Fé, menina
- Regina Sanchez
- 22 de out.
- 3 min de leitura

Certa vez, o entrevistador Bial perguntou à Gabriela Medeiros, atriz e mulher trans, o que é ser mulher. Ela não soube responder. Eu, mulher cis, que me considero muito mulher, e nunca fui chegada a saltos, maquiagem, acessórios ou bonecas, também não saberia definir. Do que se trata a diferença entre mulher e homem além da questão física e das construções sociais? Por que a transição de gênero, um caminho tão espinhoso, faz com que tantos homens e mulheres trans sintam-se mais verdadeiros e de acordo consigo mesmos? Obviamente, conceitos de gênero variam de acordo com épocas e culturas, mas do que estamos falando quando dizemos identifico-me como mulher?

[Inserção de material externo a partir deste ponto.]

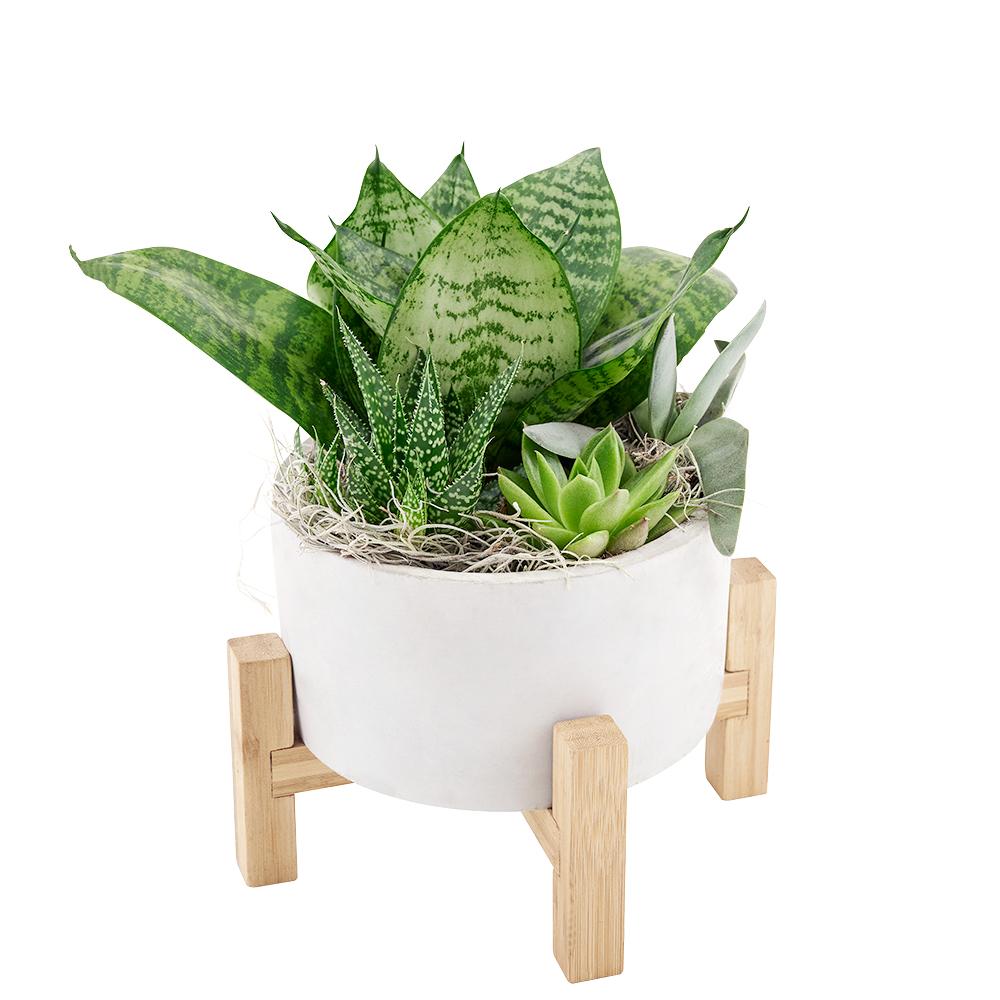 Desert Rose Succulent Arrangement - Heart &amp; Thorn - Canada plant delivery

Estava com isso na cabeça e fui a um samba, que frequento há alguns anos, e um amigo perguntou “A cantora é trans?”. Trans???, pensei surpresa. Sim, ela é trans e eu nunca havia reparado nisso. Nunca, porque ela É (maiúsculo mesmo) muito mulher, assim como eu, e também sem saias, salto, maquiagem, essas coisas normalmente relacionadas ao feminino! Não reside aí a feminilidade, nem tão pouco no tamanho de seus pés, na sua genitália ou preferência sexual. Independentemente dessas questões, eu não tinha e continuei não tendo dúvidas de que ela é tão feminina ou mais do que qualquer mulher. Justo eu, que não sou chegada a caixinhas e definições, não podia evitar de perguntar, afinal, o que é ser feminina?

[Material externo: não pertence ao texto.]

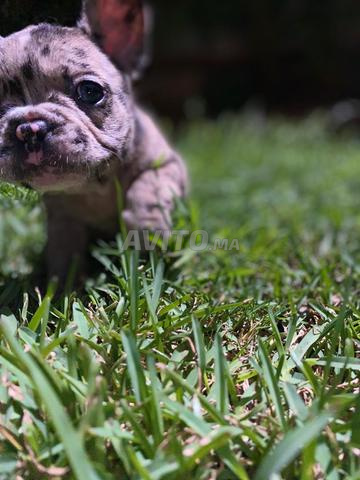 Bulldog français merle exotique yeux bleus - 2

Estava com isso na cabeça e fui arrebatada num concerto de Camila Masiso cantando a linda e potente canção Fé, menina. UAU! Será isso o que nos é comum? Um tipo de fé com a qual nos identificamos? Ouvi: Fé, menina! Você vai sofrer tentativas de silenciamento, mas vai continuar lutando com fé. Você é mulher, tem a força de quem protege a prole, é cuidadora! Em nome das queimadas na inquisição, das abusadas de tantas maneiras, fé, menina! Em nome de tanta luta feminina contra opressão em todo canto, em todas as épocas, tenha coragem, fé, menina! Estamos juntas, na luta por independência e justiça, fortes, cúmplices e amorosas, abrindo o coração numa fila de banheiro com uma desconhecida, abrigando quem precisa e aprendendo a dizer não. Será que o feminino reside num tipo de força que vem de uma fé sobre a qual as palavras são poucas? É sentir na pele o mínimo de opressão seja consigo, seja com uma de nós, é defender a honra da luta e sofrimento de sua avó, de sua mãe, defender a liberdade de sua filha, de sua amiga, de uma desconhecida, é colocar o homem em seu devido lugar, nunca mais acima ou à frente, mas ao lado. Fémenina é arregaçar as mangas, os punhos, é misturar fé, amor e luta, gestar fé com luta e amor, luta por amor.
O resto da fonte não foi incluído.